Şampiyonun Mormonların başkentindeki muzaffer yürüyüşü bireysel bir yarışla başladı - "sadece" iki hata, biatlon programının başlamasından kısa bir süre önce kayak kütlesinde beşinci sırada yer alan hızlı ayaklı Norveçliyi engellemedi, ikna edici bir şekilde ilk yirmiyi kazanmaktan.

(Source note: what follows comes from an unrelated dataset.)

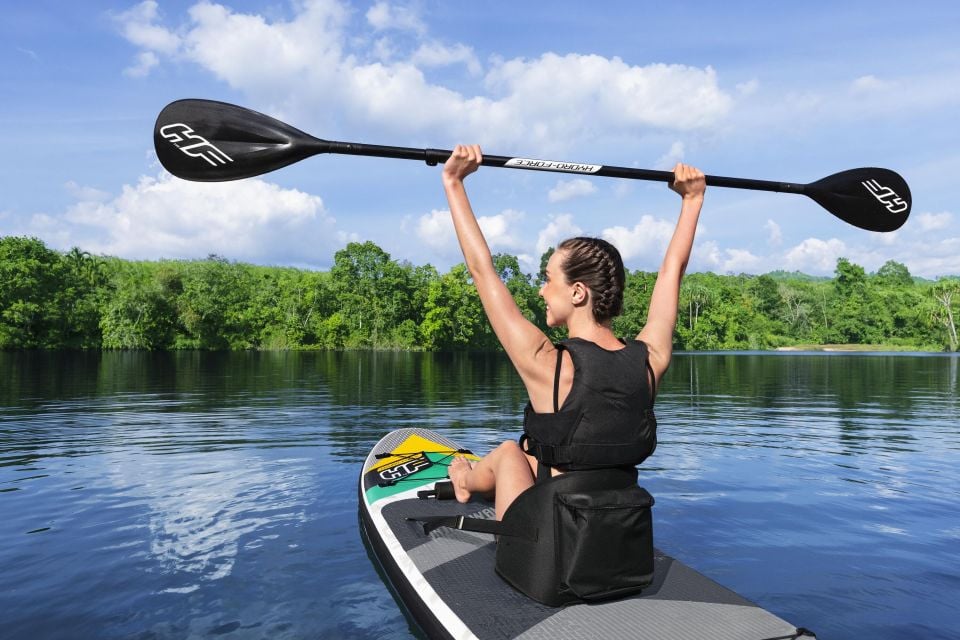 Hydro-Force™ 65375 Aqua Wander™ TravelTech™ Kürekli Şişme SUP-Sörf ve Kano Seti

Ole Einar Bjoerndalen - Salt Lake City'deki 2002 Olimpiyatları'nda zafer

Bjoerndalen'in altın performans serisi, dört kez kazanan ve Salt Lake City 2002'nin ana kahramanı olduğu bayrak yarışıyla taçlandı. Olimpiyatlarda en büyük performans!

Egemenlik

Olimpiyat Oyunlarındaki başarı, gelecek sezondan 2000'li yılların sonuna kadar kelimenin tam anlamıyla zaferler kazanmaya başlayan Ole Einar'a ilham verdi. Yedi yıl içinde beş Dünya Kupası ve dünya şampiyonalarında on bir altın madalya kazandı: Khanty-Mansiysk 2003'te sprint ve toplu çıkış, Hochfilzen 2005'te sprint, takip ve toplu çıkış, Anterselva 2007'de sprint ve takip, Ostersund 2008'de takip, sprint Pyeongchang 2009'da takip ve bireysel yarış.

Sezonun ilk etabından son etabına kadar sürdürülen inanılmaz hız ve istikrarlı atış, Bjoerndalen'i kesinlikle her yarışta favori yaptı. Ve Norveçli oyuncu, Poiret'in hâlâ altına ulaşmasına izin vermediği Oberhof hariç tüm dünya şampiyonalarında statüsünü haklı çıkardı. Özellikle şık olan, Ole Einar'ın her yıl birkaç etabı kaçırarak genel dünya kupası şampiyonluğunu kazanmasıdır.


2000'li yılların ortalarına gelindiğinde Bjoerndalen'in başarıları o kadar sıradan hale geldi ki kendisine "biatlonun kralı" lakabı verildi ve bunu 2006 Torino'da doğrulamak zorunda kaldı. Bununla birlikte, Olimpiyatlardan kısa bir süre önce, Norveçli'nin başına sigortalayamayacağınız bir şey geldi - bir hastalık, bunun sonucunda favori, antrenman planını tamamen yeniden çizmek ve en iyi durumda olmayan İtalya'ya gitmek zorunda kaldı. Ne yazık ki, geçici kesinti ve formdaki düşüş sonuçları etkiledi: bireyselde gümüş, toplu çıkışta takip ve bronz. Her sporcu için mükemmel bir yakalama ama dört yıl önceki başarısını tekrarlamayı planlayan ve bunu yapmak için her türlü nedeni olan Ole Einar için bu geçerli değil.

Durgunluk

Bjoerndalen, Vancouver'daki Olimpiyat Oyunlarına 36 yaşında geldi; deneyimli bir atlet olmasına rağmen hâlâ büyük zaferler kazanma kapasitesine sahipti. Ancak İtalya'da olduğu gibi Kanada'da da sprintte yine bir hata yaptı ve takibin bile faydası olmadı. Toplu çıkış tam bir başarısızlıktı – 27. sıra. Ancak Norveçli yirmi ikinci sırayı almayı başardı. Ve elbette bayrak yarışına da dikkat edelim - Bjoerndalen son etapta rakipleriyle neşeyle başa çıktı ve altı kez Olimpiyat şampiyonu oldu.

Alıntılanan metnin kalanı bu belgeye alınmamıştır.